It’s no secret that health care costs are constantly on the rise. It’s also no secret that workplace wellness programs help favorably impact health care costs. Many studies show that a successful wellness program can lower absenteeism, enhance job performance and improve morale all while attracting talented employees to the organization.
The financial evidence supporting the ROI (return on investment) for wellness programs is growing. Recent studies show that the medical care costs for people with chronic diseases account for more than 75 percent of the nation’s total medical care costs.
In addition to incurring the direct costs of higher premiums, employers lose more than 39 million employee workdays each year due to obesity-related illnesses. For example, according to the Centers for Disease Control and Prevention, people with diabetes lose 8.3 days per year from work, accounting for 14 million disability days, compared to 1.7 days for people without diabetes.
Perhaps the most impressive statistic of all is the ROI achieved by employers who invest in employee wellness programs. On average, employers are saving between $1.50 to almost $5 in premiums for every dollar they invest in these programs. The key to realizing the savings is getting employees to act.
“Once a company begins a wellness program they will discover a range of employee participation levels,” says Renay Gontis, the communications coordinator for JRG Advisors, the management company for ChamberChoice. “Some will already be engaged in physical activity and healthy behaviors, and your program will only reinforce and enhance their health behaviors. On the other end of the spectrum, some employees simply will not engage in wellness programs, no matter what the company does.”
The remaining (and largest) group of employees includes people who are at various stages of readiness to improve their health. These employees need the right type of programming and motivation. Which is where an effective and impactful wellness program comes in, Gontis says.

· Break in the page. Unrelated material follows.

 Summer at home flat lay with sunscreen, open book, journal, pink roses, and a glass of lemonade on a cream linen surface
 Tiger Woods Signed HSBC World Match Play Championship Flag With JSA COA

Smart Business spoke to Gontis about successful wellness programs, how to implement them and how to get employees involved with them.
What key factors influence employee health behaviors?

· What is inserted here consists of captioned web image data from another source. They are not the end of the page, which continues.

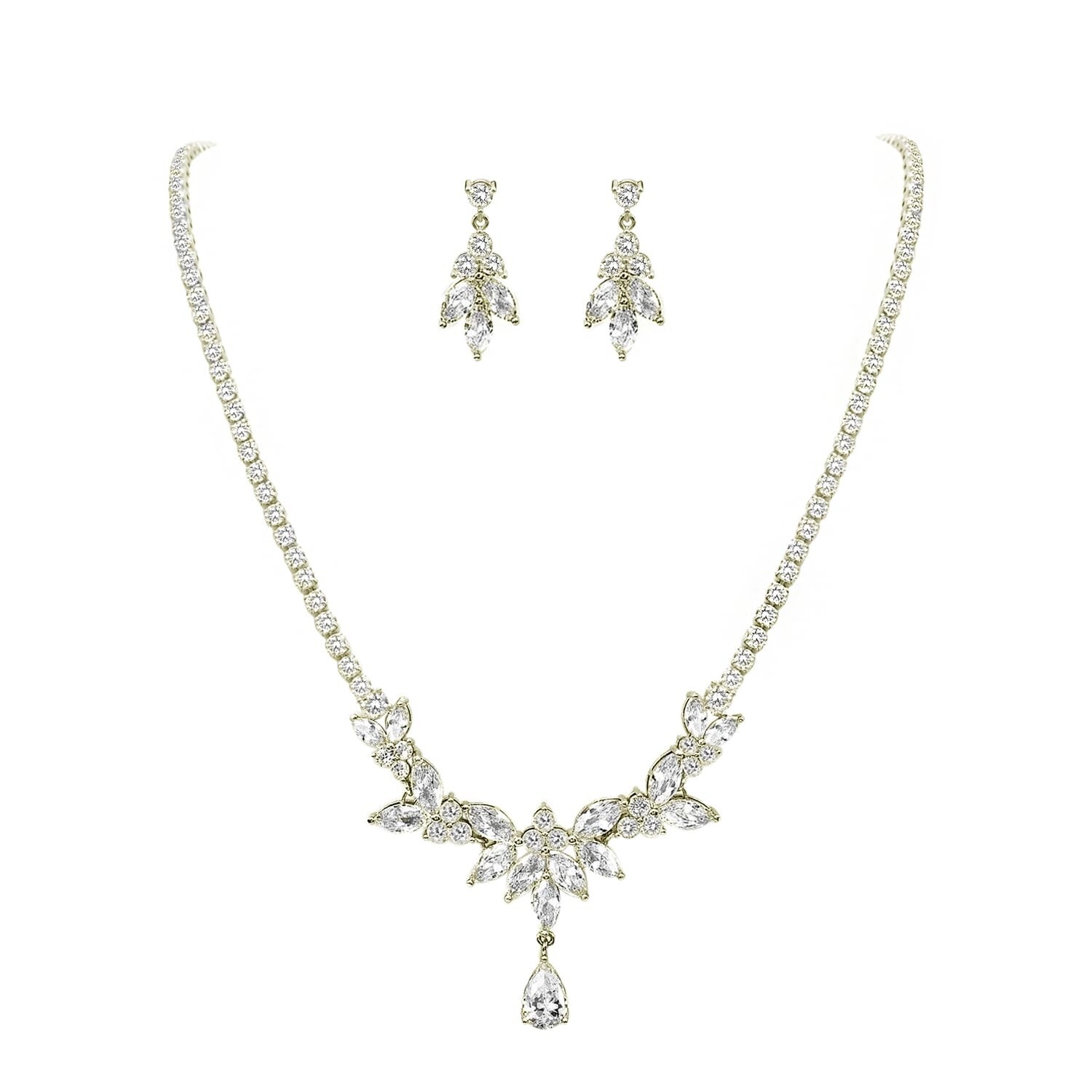 UDYLGOON Cubic Zirconia Wedding Necklace Earrings Jewelry Set for Brides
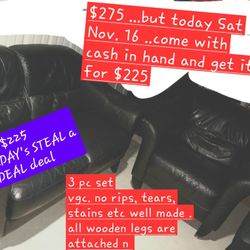  Couch, Loveseat,  Chair Only $225 For SAT. DEAL 2 Pillows Too!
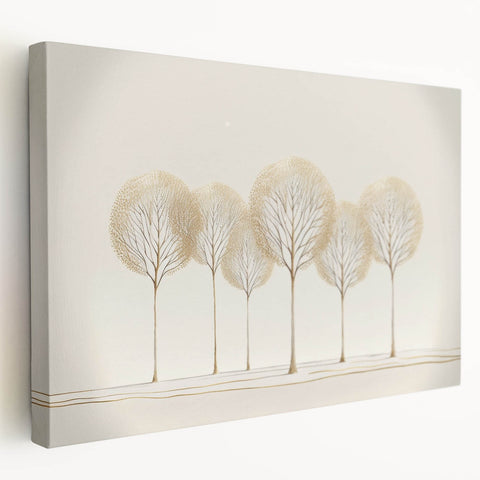 Abstract landscape stretched canvas artwork showcasing vibrant hues of blue, green, and orange, elegantly displayed from a side view, perfect for modern home decor.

People are always looking for ways to incorporate wellness into their daily lives, which is why television is filled with quick fixes. However, a successful program will promote wellness and keep the idea of healthy living in front of employees on an ongoing basis.
But, employees have different reasons for engaging in wellness activities. To improve the overall results of your program, it is important to identify these factors and develop programs to meet the majority of your employees’ needs and wants. One of the ways these factors can be identified is through an internal employee feedback survey. A company can also use this opportunity to ask employees what type of on-site and off-site activities they would enjoy.
Most employees want to know how the wellness program will fit into their current schedule and if programs will be offered during or after work. Enhance participation in your wellness programs by helping employees develop goals, whether on an individual basis or as a group. You may want to create teams so employees have a support system as they take on personal and group wellness initiatives.
How can a company’s work environment support wellness?
A common error is to launch a wellness program that promotes healthy eating and exercise while still offering doughnuts during morning meetings or ordering monthly birthday cakes. Simply, practice what you preach. Instead of doughnuts, offer healthy granola bars and fruit. In place of your typical birthday cake, offer a fruit pizza or a trifle filled with fruit and low-fat yogurt and angel food cake. Many other creative healthy food alternatives are available on the Internet.
How can a company continually motivate its employees?
While some employees are motivated by the idea of being healthy, others need an incentive such as an award, recognition, monetary compensation, paid time off, etc. A wellness team (subject to management’s approval) should offer a variety of incentives to have the most impact. An incentive does not have to be costly to offer motivation, so be creative as you develop incentives for your work environment.
What worksite activities or programs can promote wellness?
Innovative, low-cost activities are simple. The following list includes examples of activities that can enhance your company’s wellness program:
- Provide healthy eating reminders and prompts to employees via e-mail, posters and/or payroll stuffers.
- Create an employee cookbook filled with healthy recipes.
- Allow access to on-site and off-site gyms and recreational activities before, during and after work hours.
- Offer flexible work hours to allow for physical activity during the day.
- Host ‘walk-and-talk’ meetings.
A company should evaluate its wellness program on an annual basis so the wellness team can make strategic plans for subsequent years. A wellness program will quickly become stale if the same activities are repeated year after year. It is important to be creative and implement new ideas.